Re: [PATCH v2 00/12] mm: userspace hugepage collapse

David Hildenbrand <david@xxxxxxxxxx> · Tue, 19 Apr 2022 22:02:53 +0200

>> E.g., have with a very sparse memory layout, we don't want to waste
>> memory by allocating memory where we actually have no page populated yet
>> -- could be user space won't reuse that memory in the foreseeable
>> future. With too many swap entries, we don't want to trigger an
>> eventually unnecessary overhead of swapping in entries if user space
>> won't access them in the foreseeable future. Something similar applies
>> to max_ptes_shared, where one might just end up wasting a lot of memory
>> eventually in some applications.
>>
>> So IMHO, with MADV_COLLAPSE we should ignore/disable any heuristics that
>> try figuring out what user space might be doing. We know exactly what
>> user space asks for -- and that can be documented properly.
>>

Just a thought, if we ever want to implement khugepaged in user space,
it could theoretically obtain similar information using e.g., the
pagemap.
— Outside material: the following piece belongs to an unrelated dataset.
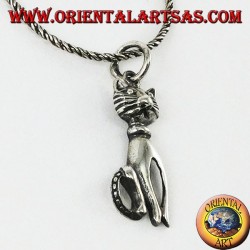 Pendentif en argent le chat avec une moustache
It wouldn't be race-free, but the question is if it would matter.

I consider the primary use case of giving an application more precise
control over actual THP placement.

> 
> Sounds good to me. Would you also be in favor of decoupling allocation
> semantics from khugepaged? I.e. we'll pick some default gfp flags and
> not depend on /sys/kernel/mm/transparent_hugepage/khugepaged/defrag?

Good question. It's not really a heuristic like that other stuff.

Easy answer: we're not dealing with khugepaged, so anything in
/sys/kernel/mm/transparent_hugepage/khugepaged/ shouldn't apply?

Sure, we could have a separate toggles for MADV_COLLAPSE.

Maybe we simply want a dedicated syscall where we can specify additional
options ... but maybe that simply over-complicates the problem.

-- 
Thanks,

David / dhildenb